D parsing (page 5) - D Programming Language Discussion Forum

Forums

New users
- Learn
Community
- General
- Announce
Improvements
- DIP Ideas
- DIP Devel.
Ecosystem
- GDC
- LDC
- Debuggers
- IDEs
- DWT
Development
- Internals
- Issues
- Beta
- DMD
- Phobos
- Druntime
- Study
Turkish
- Genel
- Duyuru

Index » General » D parsing (page 5)

November 05, 2013

Posted by Martin Nowak
in reply to Timothee Cour

Martin Nowak

Posted in reply to Timothee Cour

On 11/03/2013 02:45 AM, Timothee Cour wrote:
> 1)
> The main issue I see with pegged is PEG grammars don't support left
> recursion, so for example will fail on foo[1].bar(2).fun().
> Unless there's a plan to accomodate those, I sense a dead end.
> One can eliminate left recursion but this has issues.
>
> 2)
> There is some material on extending PEG to support those, eg "Left
> Recursion in Parsing Expression Grammars", or code
> https://github.com/orlandohill/peg-left-recursion but I don't know how
> well they work in practice.
>
Scala extended their PEG generator to handle left recursion.
But then there is also a Scala GLL implementation.
https://github.com/djspiewak/gll-combinators

November 05, 2013

Posted by Martin Nowak
in reply to jgetner

Martin Nowak

Posted in reply to jgetner

On 10/30/2013 11:39 PM, jgetner wrote:
> Is there a function in D for evaluating expressions before compile time?.

I want to throw two more ideas in the parser generator topic which
I carry around for quite some time.

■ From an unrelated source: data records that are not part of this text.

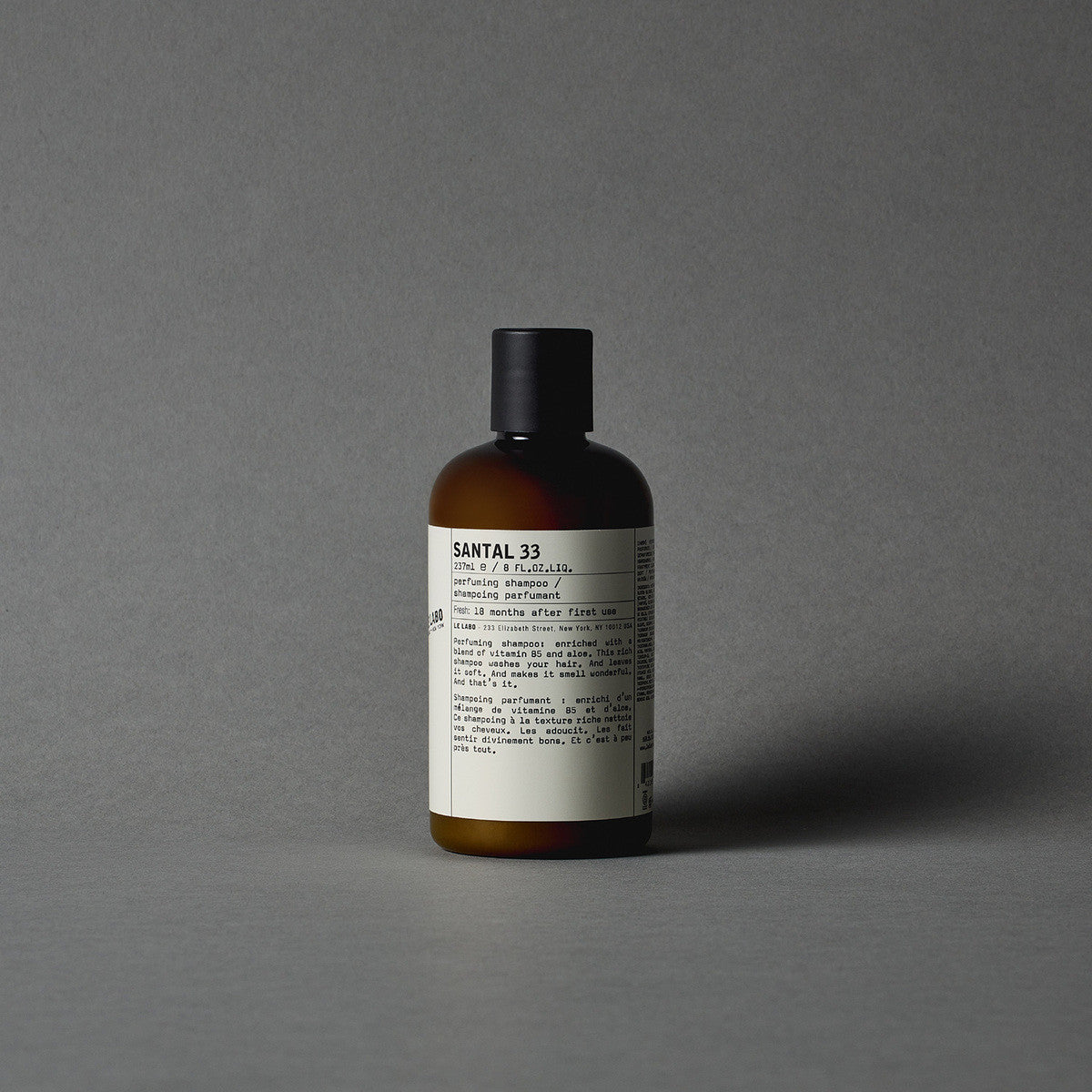 Le Labo Fragrances SANTAL 33 | perfuming shampoo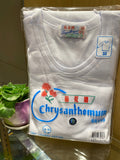 Chrysanthemum 男士 L/S Spencer(尺寸 32-36)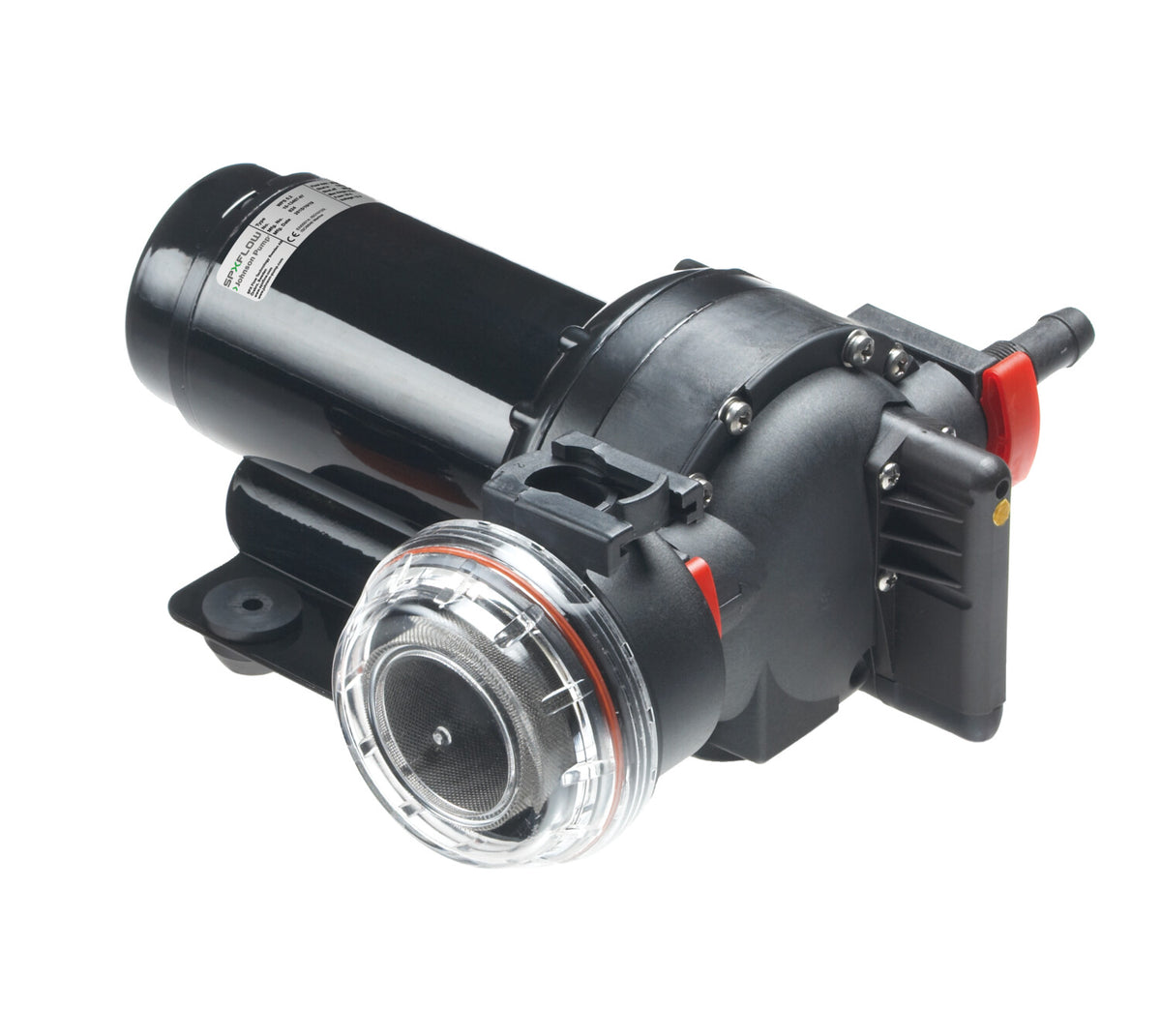 Johnson Pump 10-13407-18 Aqua Jet Washdown Pump - 5.2 GPM, 24V, Pump Only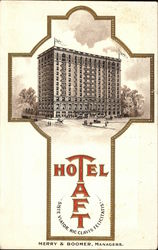 Hotel Taft Boston, MA Postcard Postcard Postcard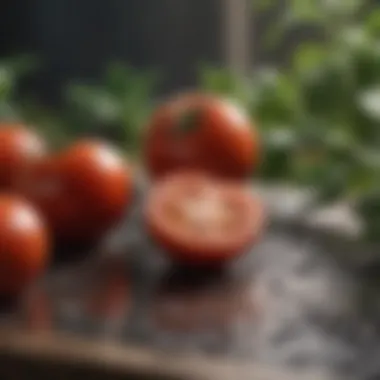 Comparing Moisture Retention in Pot Materials Moisture retention in different pot materials for tomatoes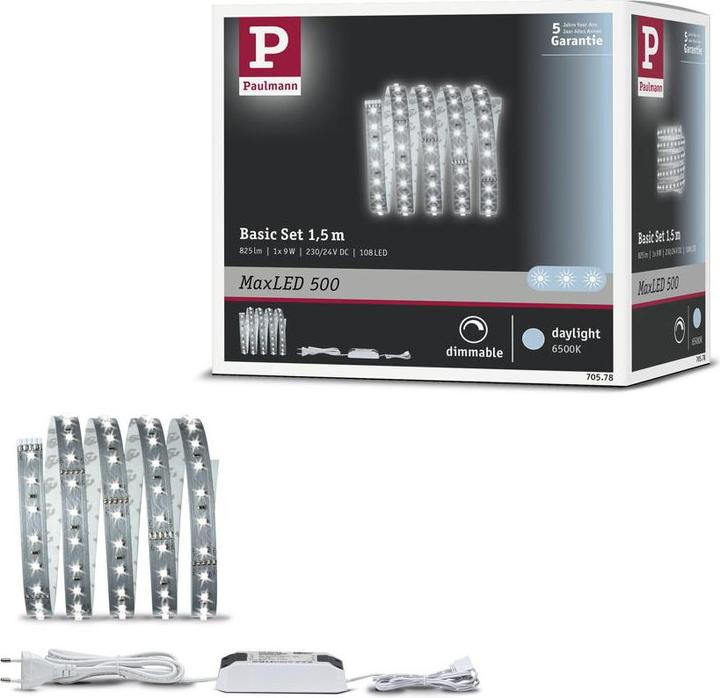 Immagine prodotto Paulmann MaxLED (Luce del giorno, 150 cm, Interno)
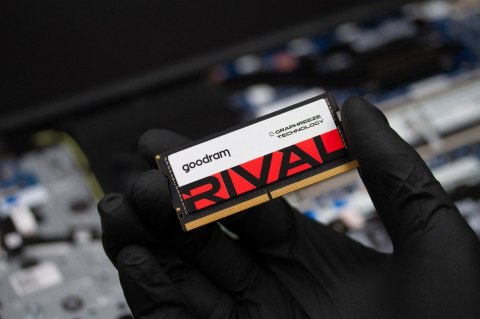 Pamięć DDR5 Rival SODIMM 16GB(1*16GB) CL40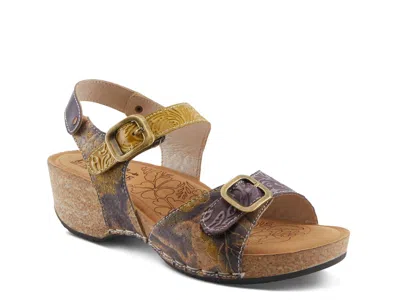 L'artiste Osuna Sandal In Multi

I think combined they'd enable AST generation from clean and simple grammars. Maybe someone find this interesting enough to give it a try, I hardly will ever get to this.

There is an interesting paper [MTP] that describes how a slight modification of the ENBF grammar can be used to generate a usable AST
from the grammar definition. Each AST node is named like it's production. This is possible because the modified grammar disallows to mix alternates and sequences which forces one to name all productions.

The other paper is [GLL] parsing which is a new general parser generation technique. The main advantage over GLR, it's a top-down parser. This allows to modularize grammars, e.g. you can define a grammar that reuses/imports an existing grammar for expressions.

The reason to choose generalized parsers instead of say LALR(1)
is maintainability of the grammars. The needed modifications to make
a context free grammar LR(1) or LALR(1)-compatible often make them extremely hard to read and change.
Parse forests (many parse trees) are not a problem I think because most CFG only have local ambiguities so they resolve to a single parse tree.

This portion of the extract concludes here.